Records from a collection

....................

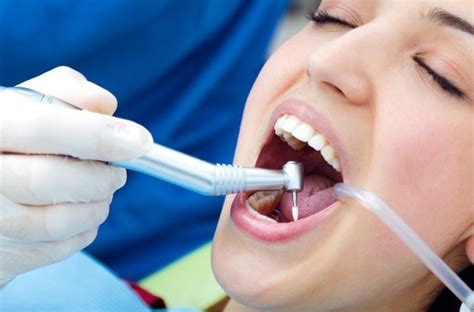 5 Major Benefits Of Dental Cleaning And Scaling Procedure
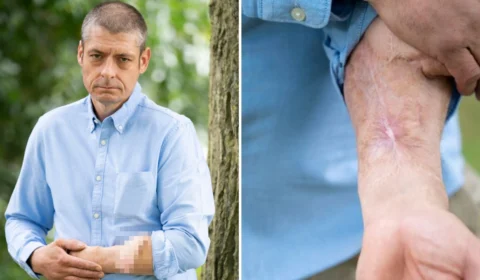 Homem fica com pênis anexado ao braço por 6 anos, na Inglaterra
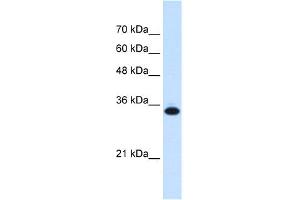 WB Suggested Anti-SLC25A38 Antibody Titration:  0. (SLC25A38 抗体  (Middle Region))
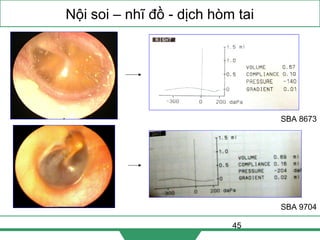 45
Nội soi – nhĩ đồ - dịch hòm tai
SBA 9704
SBA 8673
 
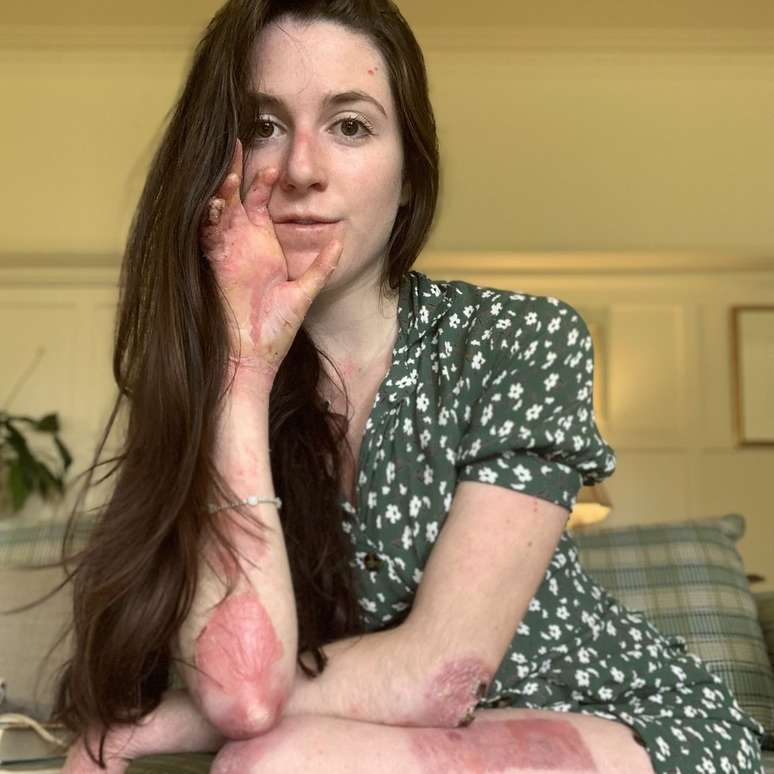 Americana Lucy Beal Lott tem 20 anos e nasceu com uma doença genética e hereditária rara chamada epidermólise bolhosa (EB)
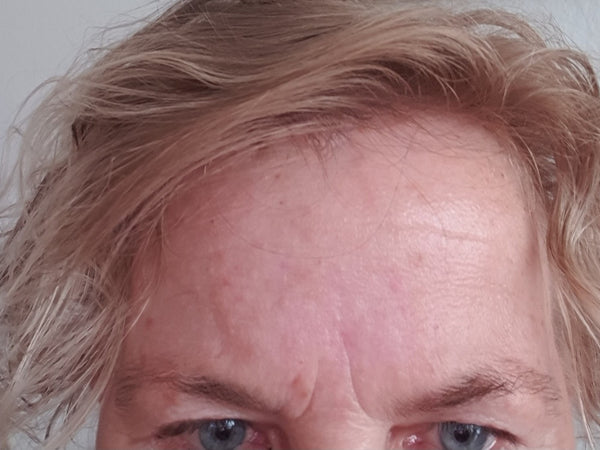 Efter-billede af kundehistorie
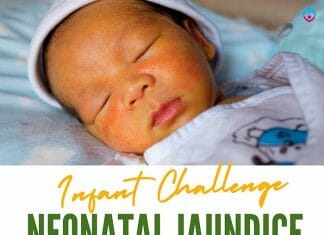 Neonatal Jaundice and breastfeeding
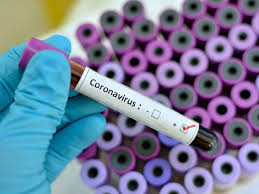 43 new Covid-19 cases reported in Telangana on Saturday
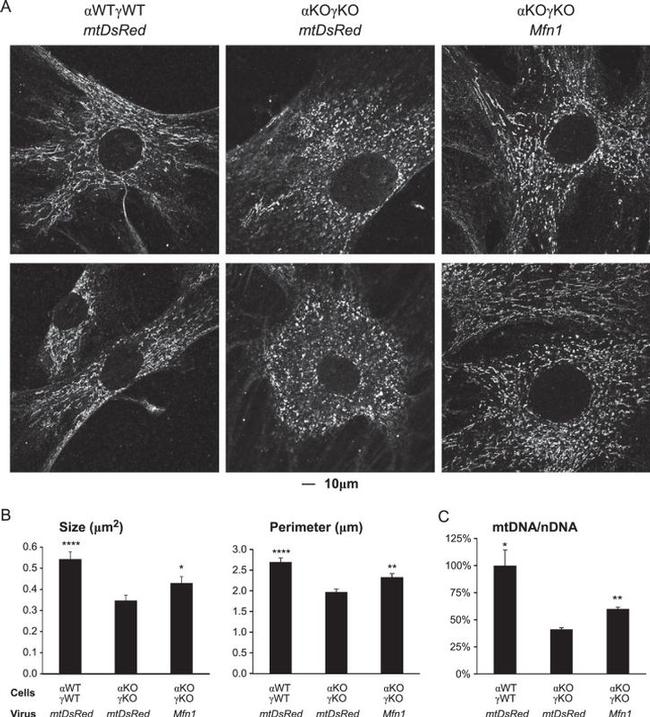 ATP Synthase beta Antibody in Immunocytochemistry (ICC/IF)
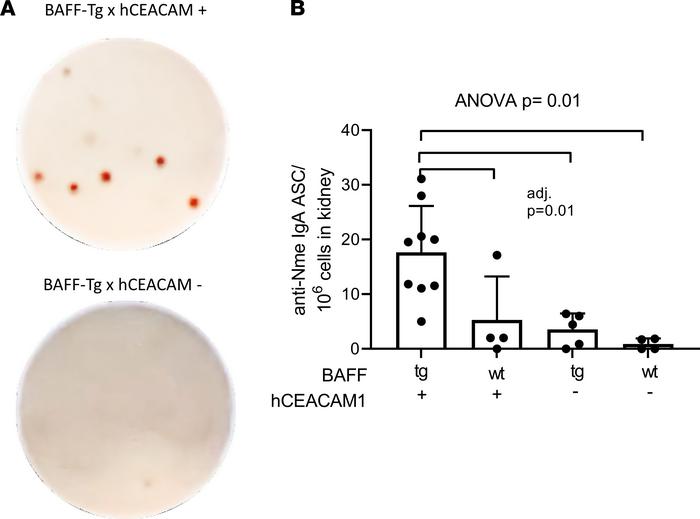 Detection of anti–N. meningitidis IgA-secreting cells in the kidneys of ...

....................

What the exercise asks >> The copy should start at the line that contains "Nội soi – nhĩ đồ - dịch hòm tai", end at the last line of the entries above, and match each line exactly, with pictures dropped.

Final answer >>
Nội soi – nhĩ đồ - dịch hòm tai
SBA 9704
SBA 8673
 
 Americana Lucy Beal Lott tem 20 anos e nasceu com uma doença genética e hereditária rara chamada epidermólise bolhosa (EB)
 Efter-billede af kundehistorie
 Neonatal Jaundice and breastfeeding
 43 new Covid-19 cases reported in Telangana on Saturday
 ATP Synthase beta Antibody in Immunocytochemistry (ICC/IF)
 Detection of anti–N. meningitidis IgA-secreting cells in the kidneys of ...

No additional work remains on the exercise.